Reporter: Elizabeth, tell me what was going through your mind when Zechariah returned from the temple and tried to relay Gabriel's news.
Elizabeth: Well, needless to say, I was shocked that he was unable to speak. Something major had obviously happened, but i had no idea what ... or why he couldn't tell me. So I ran to get the writing tablet.
Reporter: And once you read it?
Elizabeth: Oh my! Tears of joy streamed down my cheeks. How could this be? I was in total awe of God's goodness and His favor on us.
Reporter: Your husband asked Gabriel the same question, except not exactly from a place of wonder and awe. Were you disappointed by Zechariah's initial disbelief?
Elizabeth: Zechariah is a good man, a righteous man, but I know how hope deferred can make the heart sick. I was disappointed for him, not in him.
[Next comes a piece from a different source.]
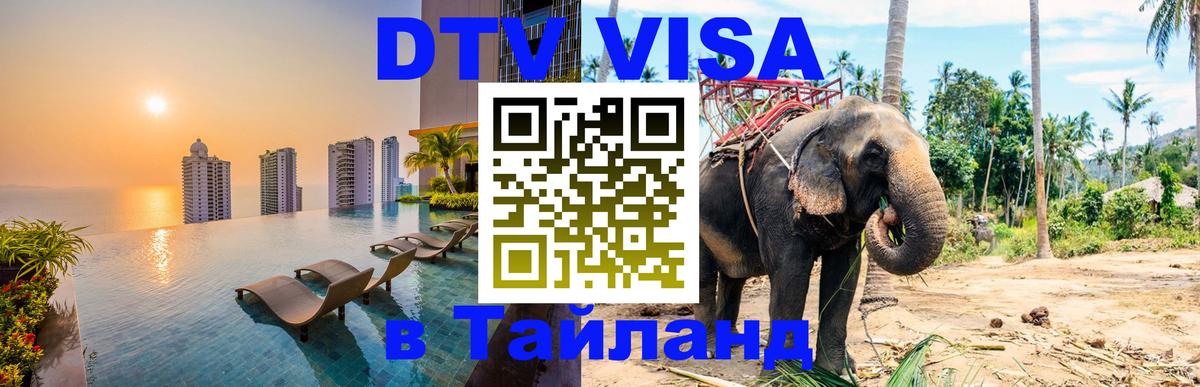 DTV Visa Thailand — прайс и условия, виза без дополнительных документов - Архангельск  05.12.2025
Reporter: You still had hope?
Elizabeth: My desire was for a child, but my hope has always been in the Lord. You know, I think of all the times Zechariah and I prayed for a child during all those years of suffering barrenness, not knowing that every detail of John's conception, birth, and life had already been planned.
Reporter: How did you respond to the news that your child would grow up to be the messenger who, in the strength of Elijah, would herald the arrival of the Messiah?
Elizabeth: I still marvel at how we used to read about "the one" calling out in the wilderness," years before we knew that one would be our son. I dropped to my knees in awe of the Lord's favor. I was so completely overwhelmed with joy and gratitude. For the first five months of my pregnancy, I remained in seclusion, relishing the miracle inside me ... and what it would mean for God's people. He chose me for this. He chose me.
Reporter: Why do you think it all happened the way it did?
Elizabeth: Clearly, John's life was fashioned to fulfill the promises God made through HIs holy prophets. But why me? Why did I get to be his mother? Only God knows. I imagine He wanted to make it extra clear that it was all Him. That nothing is impossible with God. Our miraculous little family is proof. And since no one can deny that, we'll boast all the more in the hope of the glory of God.
We were chosen.
PRAYER FOCUS
Be brave and ask God not to relieve you of the tough circumstances or long wait for answers but to change you through them.